I just read these this morning. A great balance of what it means to feed the mind and the soul:
"Every logical position ... will eventually lead into trouble, and heresy, and chaos. Every logical position is fully consistent, but coherence arises from the human mind, not God's. The human mind is finite and cannot grasp eternity, and therefore the finite mind sees the infinite as not graspable coherently. If we could grasp it all coherently, without contradiction, we would be God. The person who insists on being logical to the end winds up in a mess. I am not saying that we should not be rational. I am not anti-intellectual. I am saying that the intellect by itself is helpless to arrive at total truth.

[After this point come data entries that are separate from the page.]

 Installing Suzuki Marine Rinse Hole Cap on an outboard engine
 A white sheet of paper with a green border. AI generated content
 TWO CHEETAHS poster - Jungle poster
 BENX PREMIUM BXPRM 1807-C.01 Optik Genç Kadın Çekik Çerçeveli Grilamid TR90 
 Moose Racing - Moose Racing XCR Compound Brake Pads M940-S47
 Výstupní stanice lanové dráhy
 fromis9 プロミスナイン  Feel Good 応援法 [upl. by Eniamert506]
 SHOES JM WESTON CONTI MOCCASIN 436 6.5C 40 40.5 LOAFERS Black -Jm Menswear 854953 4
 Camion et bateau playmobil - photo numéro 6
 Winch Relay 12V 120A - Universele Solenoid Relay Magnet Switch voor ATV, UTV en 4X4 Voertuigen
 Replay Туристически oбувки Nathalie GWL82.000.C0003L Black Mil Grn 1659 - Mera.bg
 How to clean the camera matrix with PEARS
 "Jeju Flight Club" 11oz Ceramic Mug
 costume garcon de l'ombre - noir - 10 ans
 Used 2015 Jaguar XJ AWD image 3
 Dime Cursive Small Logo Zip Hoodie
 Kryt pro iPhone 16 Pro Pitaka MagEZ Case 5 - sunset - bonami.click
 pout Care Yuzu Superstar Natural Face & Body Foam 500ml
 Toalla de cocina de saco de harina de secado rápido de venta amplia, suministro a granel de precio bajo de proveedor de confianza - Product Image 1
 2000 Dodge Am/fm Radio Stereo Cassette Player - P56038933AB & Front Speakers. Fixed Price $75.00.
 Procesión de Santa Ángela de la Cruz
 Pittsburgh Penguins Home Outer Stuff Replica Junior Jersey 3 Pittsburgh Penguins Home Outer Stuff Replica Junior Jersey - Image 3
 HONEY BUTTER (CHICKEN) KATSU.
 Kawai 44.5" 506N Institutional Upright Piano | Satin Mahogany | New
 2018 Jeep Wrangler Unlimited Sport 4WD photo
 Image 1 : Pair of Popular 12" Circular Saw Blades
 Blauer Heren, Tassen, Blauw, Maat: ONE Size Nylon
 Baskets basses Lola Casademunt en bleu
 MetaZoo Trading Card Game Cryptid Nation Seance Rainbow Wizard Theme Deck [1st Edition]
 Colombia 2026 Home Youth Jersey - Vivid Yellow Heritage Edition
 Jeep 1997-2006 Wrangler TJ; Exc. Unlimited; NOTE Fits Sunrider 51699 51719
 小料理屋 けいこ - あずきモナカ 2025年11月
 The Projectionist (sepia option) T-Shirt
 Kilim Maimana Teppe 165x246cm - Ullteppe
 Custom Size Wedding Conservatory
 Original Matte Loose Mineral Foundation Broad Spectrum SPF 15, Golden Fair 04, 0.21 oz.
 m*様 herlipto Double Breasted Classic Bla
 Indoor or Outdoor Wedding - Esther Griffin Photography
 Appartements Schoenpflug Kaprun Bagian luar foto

... Kenneth L. Pike (1912-2001), Stir, Change, Create, p. 44
"Prayer without study is like a soul without a body," the rabbis say. St. Benedict clearly felt the same way... It is necessary to understand the Scriputures before it is possible to pray them. It is essential to be steeped in the Scriptures before it is possible to exude them... the idea of groundedness in the spiritual life should make us stop and think. We're all busy. We're all overscheduled. We're all trying to deal with people and projects that consume us. We're all spiritually thirsty. And, we're all responsible for filling the mind with rich ideas in order to leaven the soul. Prayer, contemplation and spiritual adulthood don't happen by themselves. We have to work at them.